Challenging Segregation and New Civil Rights Issues

  • Period: to

    1950-1969

  • JFK Civil Rights

    While campaigning for the presidency in 1960, John F. Kennedy had promised to support civil rights. Civil rights leaders such as NAACP executive director Roy Wilkins urged Kennedy to support civil rights legislation after taking office. However, Kennedy knew he needed the support of Southern senators to get other programs through Congress and any new civil rights legislation would anger them.
  • African Amerans in the workforce

    In 1960 only 15 percent of African Americans held professional, managerial, or clerical jobs, compared to 44 percent of whites. The average income of African American families was only 55 percent of that of the average income for white families. Almost half of African Americans lived in poverty, with an unemployment rate typically twice that of whites.
  • Woolworth’s sit-in

    On February 1, 1960, the four friends entered the nearby Woolworth’s department store. They purchased school supplies and then sat at the whites-only lunch counter and ordered coffee. When they were refused service, Blair asked, “I beg your pardon, but you just served us at [the checkout] counter. Why can’t we be served at the counter here?” The students stayed at the counter until it closed.
  • Freedom Riders

    In early May 1961, teams of African American and white volunteers who became known as Freedom Riders boarded several southbound interstate buses. Buses were met by angry white mobs in Anniston, Birmingham, and Montgomery, Alabama. The mobs slit bus tires and threw rocks at the windows. In Anniston, someone threw a firebomb into one bus.

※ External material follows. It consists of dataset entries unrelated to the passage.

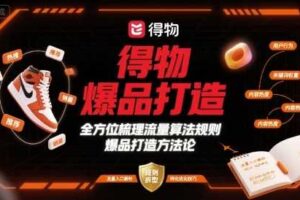 得物爆品打造,全方位梳理得物流量算法规则爆品打造规则-麦资源网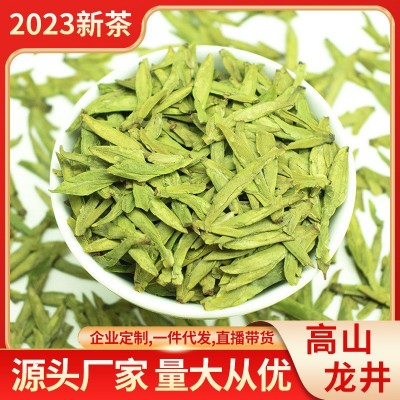 2023新茶龙井绿茶茶叶钱塘大佛厂家批发春茶散装礼盒装袋装龙井茶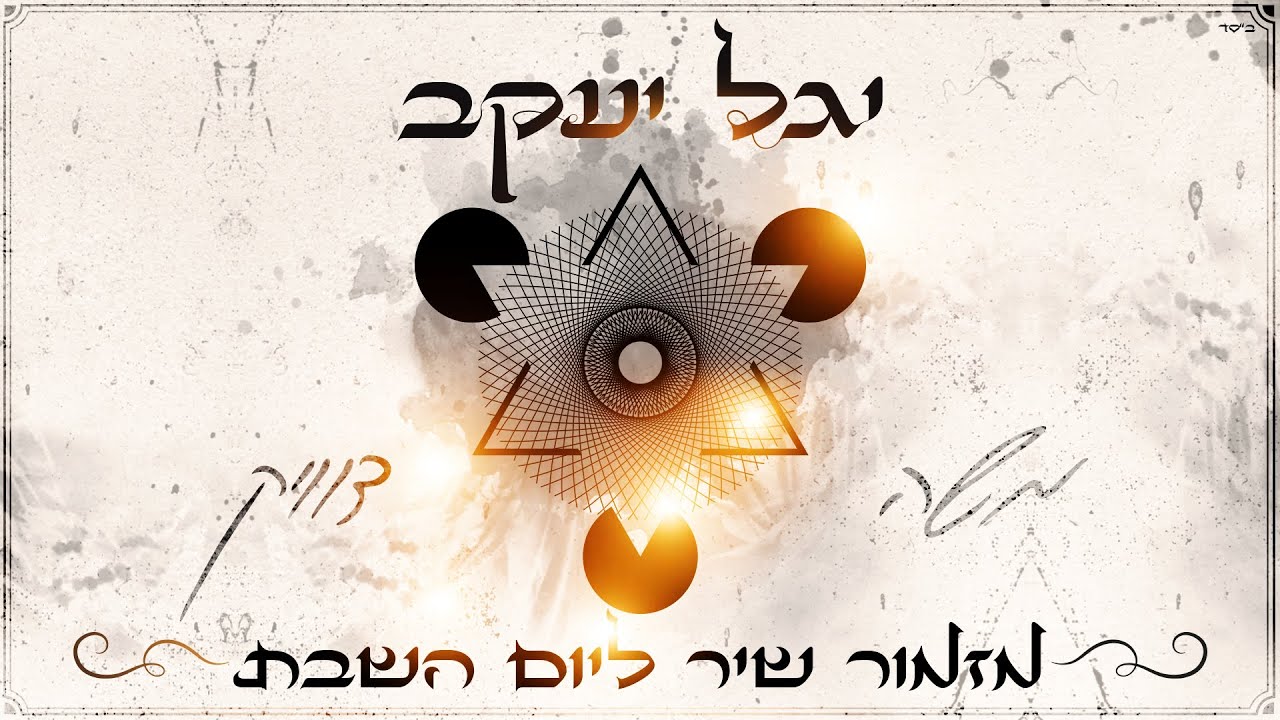 משה דוויק - מזמור שיר ליום השבת (מרוקאי)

Fortunately, no one was killed.
  • Fannie Lou Hamer

    SNCC organizer and sharecropper Fannie Lou Hamer was evicted from her farm after registering to vote. Police arrested her in Mississippi as she was returning from a voter registration workshop in 1963. They beat her while she was in jail. She still went on to help organize the Mississippi Freedom Democratic Party and challenged the legality of the state’s segregated Democratic Party at the 1964 national convention.
  • The Watt’s Riot

    Just five days after President Johnson signed the Voting Rights Act, a riot erupted in Watts, an African American neighborhood, allegations of police brutality served as the catalyst for this uprising. It lasted for six days and required more than 14,000 members of the National Guard and 1,500 law officers to restore order. In Detroit, burning, looting, and conflicts with police and the National Guard resulted in 43 deaths and more than 1,000 wounded in 1967.
  • Malcolm X: 1964 - early 1965

    By 1964, Malcolm X had broken with the Black Muslims. Discouraged by scandals involving the Nation of Islam’s leader, he went to the Muslim holy city of Makkah (Mecca) in Saudi Arabia. After seeing Muslims from many races worshipping together, he no longer promoted separatism. After Malcolm X broke with the Nation of Islam, he continued to criticize the organization. Because of this, organization members shot and killed him in February 1965.
  • African American’s in the workforce pt. 2

    In 1965 approximately 70 percent of African Americans lived in large cities. Even if African Americans had been allowed to move into white neighborhoods, many were stuck in low-paying jobs with little chance of advancement.